One could argue that most religions are improper according to my definition; therefore “improper” religions represent the norm for religions.  But, whatever is the norm is, by definition, proper.  Thus, I have generated a contradiction that must have come from my assumption about what is proper (and improper) in a religion, which necessarily must be wrong.  Nice try.  This is a technical definition, but most people will agree that I have used the word improper in the conventional sense if I describe the characteristics of an improper religion to them one at a time.  Try it on a friend.  I don’t think I needed to put this paragraph in the essay, as most intelligent people, agree with me and no one who is not intelligent is likely to be reading this essay.  It will not be advertised on TV!

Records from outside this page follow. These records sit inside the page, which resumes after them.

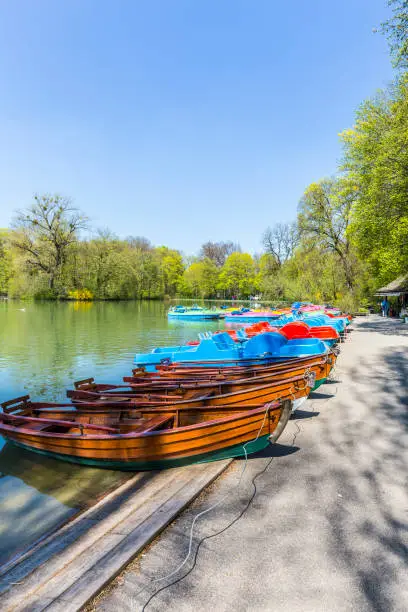 boats for rent at the  Seehaus in Munich, Germany. This pier is placed at the Kleinhesseloher lake in the English Garden.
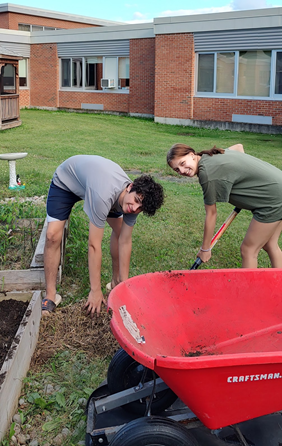 two FFA students working in the garden 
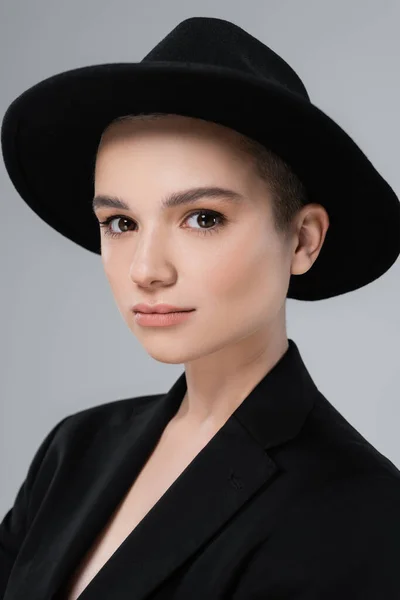 Portrait de jeune femme au maquillage naturel, coiffée d'un chapeau noir, regardant la caméra isolée sur fond gris — Photo de stock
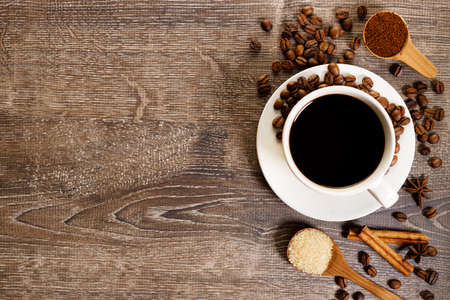 Cup of black coffee with coffee beans on wooden table.の写真素材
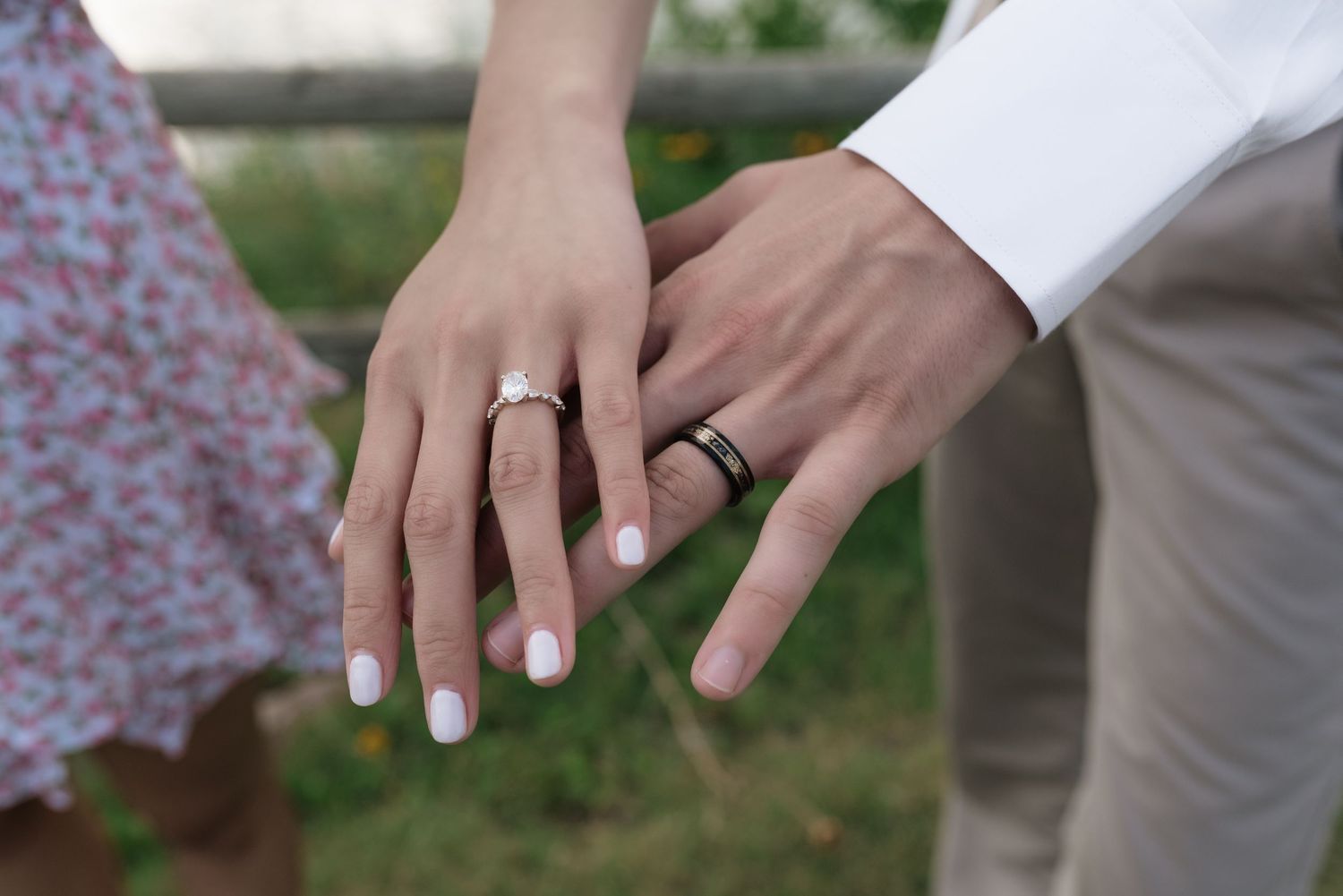 Couple displaying wedding rings, woman wearing diamond engagement ring with white nails, man wearing black band ring.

Sustainable Economic Growth Is Possible.

I believe I proved, in Chapter 2, that, unless one uses a bizarre definition of economic growth and/or a strange definition of sustainable, sustainable economic growth is impossible.  Moreover, it is undesirable!  Recently, I attended, at Rice University, a lecture on sustainable economic growth given by an employee of an oil company.  He flat-out refused to define sustainable and economic growth separately.  He defined the compound term in such a way that “sustainable economic growth” did not mean sustainable economic growth!  Since that time, I find that industrialists and their sympathizers in academia do this regularly; i.e., they always do it.  It seems to me that the term “economic growth” has to have some component of more products produced or more consumption in it.  I agree that one can have a better tasting pie provided only that it be smaller.  But, growth normally does not imply shrinkage.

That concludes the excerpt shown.